A not-so-evil queen is terrified of her monstrous stepdaughter and determined to repel this creature and save her kingdom from a world where happy endings aren’t so happily ever after.


  • Title: Snow, Glass, Apples
  • Story and Words: Neil Gaiman
  • Adaptation and Art: Colleen Doran
  • Coloring Assistance: Val Trullinger
  • Lettering: Todd Klein
  • Cover Artist: Colleen Doran
  • Publisher: Dark Horse Books
  • ISBN: 1506709796
  • Publication Date: August 20, 2019
  • Content Warnings: rape, use of an anti-Roma slur


Snow, Glass, Apples is Colleen Doran’s stunning graphic novel adaptation of Neil Gaiman’s short story of the same name. Though I haven’t read the prose story yet, Doran’s brilliant storytelling skills are on bold display in this adaptation. Inspired by the Irish artist Harry Clarke, Doran’s typically illustrative style is far more elaborate in this lush and intricate retelling of the legend of Snow White. The innocent princess many of us know from childhood is a remorseless vampire in this story, and her stepmother, the “wicked” queen, is actually a kind, wise witch who tries (and fails) to protect her kingdom from the princess’s evil.

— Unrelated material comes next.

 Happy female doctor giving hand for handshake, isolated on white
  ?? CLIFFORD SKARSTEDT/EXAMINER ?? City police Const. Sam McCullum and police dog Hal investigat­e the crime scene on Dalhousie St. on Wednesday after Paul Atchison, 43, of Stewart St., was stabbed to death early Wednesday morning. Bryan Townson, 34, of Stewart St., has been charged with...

Told entirely from the queen’s perspective, the story explores questions of fate, the curse of hindsight, and the nature of stories themselves. Doran deftly changes technique as the narrative demands: to propel us toward the cruel ending we once believed to be a happy one, she uses straightforward, linear panels, and to plunge us deep into the queen’s mind, she uses fluid, sweeping layouts that show an incredible command of color and space. The rich, hypnotic patterns and sumptuously dark palette call to mind stories etched in stained glass. Doran’s work on this book is nothing short of masterful, and her stylistic choices are perfect for this chilly, bitter fairy tale about the truths that we think we know.


Absolutely brilliant. I give this book 5 out of 5 coffins.